Wednesday, 12 October 2011

The Road to Jebba

I did think of calling this blog 'The Road to Heaven' but thought this might be a bit unfair on that particular route and certainly be misleading. I would not be at all surprised however,  to learn that many a motorist has met his maker on this stretch of road. They say the road to heaven is paved with good intentions -well there is little evidence of paving on this route, and even less of any intention on anybody's part to do anything about it.
 We were travelling to Jebba in order to monitor the procedures for delivering the MLA in primary schools. Jebba is in the north of the State near the River Niger, about 2 hours drive out of Ilorin. Our return was along the main highway that connects Kano with Lagos which you will appreciate is horrendously busy and choked with dust, fumes, traffic, people and police/road safety looking for the main chance. Nevertheless, there are still goats that seem to be able to find something to nibble in the middle of the carriageway - even though if they turned round they would see great quantities of roadside plants there for the nibbling; they are fearless in the face of  traffic and laugh at the threat to their existence posed by heavy trucks bearing down on them!
Almost every other vehicle on the Jebba road was a tanker or artic and the carcasses or broken bodies of their fellows were strewn along the way about every 100 metres or so -  not surprising given the state of the road:  potholes like bomb craters, the depth of Olympic swimming pools and three or four 'lanes' of traffic swerving and darting all over the road to avoid them. Our driver, Sam, was performing heroics continually, keeping us on the road and going in a forward direction. Broken down vehicles in mid-stream caused havoc and we saw one huge truck lying on its side, probably overloaded, having narrowly missing a line of wooden shacks and stalls as it toppled.

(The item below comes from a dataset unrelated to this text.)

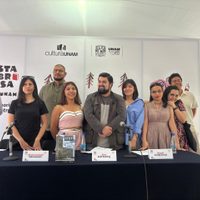 Presentan libro sobre el Centro SCOP en el cierre la Fiesta del Libro y la Rosa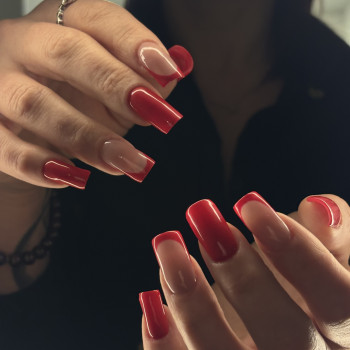 Манікюр
                    Салон красоты Backstage Одесса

 As we lurched past the driver was clambering out of his door - now more like a hatch in a submarine, looking rather shaken. It was notable as we entered Jebba the number of roadside workshops dealing in vehicle repair! - and the number of stalls selling reclaimed vehicle parts. The only sign of road repairs even being thought about was a gang of tattered, sweaty guys throwing rocks - or rather a rock -  into a pothole and grinning widely to us as we passed.
Three times we were stopped by the LGA traffic patrol guys who don't seem to have a function apart from harrassing commercial vehicles hoping for 'donations'. Sam was told his licence was a forgery - even though it was issued by a recognised licensing authority - but shortly after we were allowed to proceed nevertheless!
Presumably nothing of a fragile nature gets transported along this road - not successfully, at least.
We saw everything from truckloads of longhorned cattle on the way to meet their maker - one way or another, to mobile mountains of foam mattresses  teetering precariously as their truck plummeted and sank like a ship in a storm.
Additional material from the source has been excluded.